Z-ordering is basically a data-skipping algorithm to dramatically reduce the
amount of data that needs to be read.
- To Z-Order data, you specify the columns to order on in the `ZORDER BY `clause:
```bash
OPTIMIZE events
WHERE date >= current_timestamp() - INTERVAL 1 day
ZORDER BY (eventType)
```
______
### Data Warehouse
- A database designed to store and process large volumes of current and
historical data collected from multiple sources inside and outside the
enterprise for deep analysis.
- Organizes data into tables and columns, and allows users access via SQL.
- Optimized for loading, integrating and analyzing very large amounts of data.
- Designed to support descriptive, diagnostic, predictive and prescriptive
analytic workloads.
______
### Snowflake
- Snowflake offers a cloud-based data storage and analytics service, generally
termed `data warehouse-as-a-service`.
- Snowflake uses virtual compute instances for its compute needs and a storage
service for persistent storage of data.
**Three Main Components**
1. Database Storage
2. Query Processing
3. Cloud Services
**Architecture**
- Snowflake's architecture allows storage and compute to scale independently.
- Similar to shared-disk architectures, Snowflake uses a central data
repository for persisted data that is accessible from all compute nodes in
the platform.
- Snowflake processes queries using `MPP` (massively parallel processing)

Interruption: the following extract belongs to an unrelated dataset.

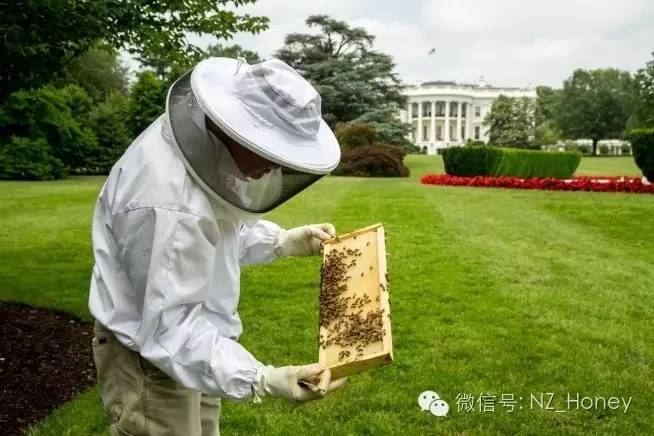 蜂蜜面膜有什么作用 蜂蜜怎么吃最好 蜂蜜购买 慈生堂蜂蜜 蜂蛹的作用与功效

compute clusters where each node in the cluster stores a portion of the
entire data set locally.
- This approach offers the data management simplicity of a shared-disk
architecture.

[Reference](https://docs.snowflake.com/en/user-guide/intro-key-concepts.html)
**Database storage**
- The database storage layer holds all data loaded into Snowflake, including
structured and semistructured data.
- Snowflake automatically manages all aspects of how the data is stored:
organization, file size, structure, compression, metadata, and statistics.
**Compute layer**
- The compute layer is made up of virtual warehouses that execute data
processing tasks required for queries.
- Each virtual warehouse (or cluster) can access all the data in the storage
layer, then work independently, so the warehouses does not share, or compete
for, compute resources.
- This enables nondisruptive, automatic scaling, which means that while queries
are running, compute resources can scale without the need to redistribute or
rebalance the data in the storage layer.
______
### Partition Strategies
- You can partition a `Delta` table by a column.
- The most commonly used partition column is date.
- If the cardinality of a column will be very high, do not use that column for
partitioning.
- For example, if you partition by a column userId and if there can be 1M
distinct user IDs, then that is a bad partitioning strategy.
- Amount of data in each partition: You can partition by a column if you expect
data in that partition to be at least 1 GB.
**Data Compaction:**
- If you continuously write data to a Delta table, it will over time accumulate
a large number of files, especially if you add data in small batches.
- This can have an adverse effect on the efficiency of table reads, and it can
also affect the performance of your file system. Ideally, a large number of
small files should be rewritten into a smaller number of larger files on a
regular basis.
- This is known as `compaction`.
- You can compact a table by repartitioning it to a smaller number of files.
______
### Data Serialization
- Serialization is the process of converting an object into a stream of bytes
to store the object or transmit it to memory, a database, or a file.
- Its main purpose is to save the state of an object in order to be able to
recreate it when needed.
- The reverse process is called deserialization.
- Serialization is the process of converting an object into a stream of bytes
to store the object or transmit it to memory, a database, or a file.
- Its main purpose is to save the state of an object in order to be able to
recreate it when needed. The reverse process is called deserialization.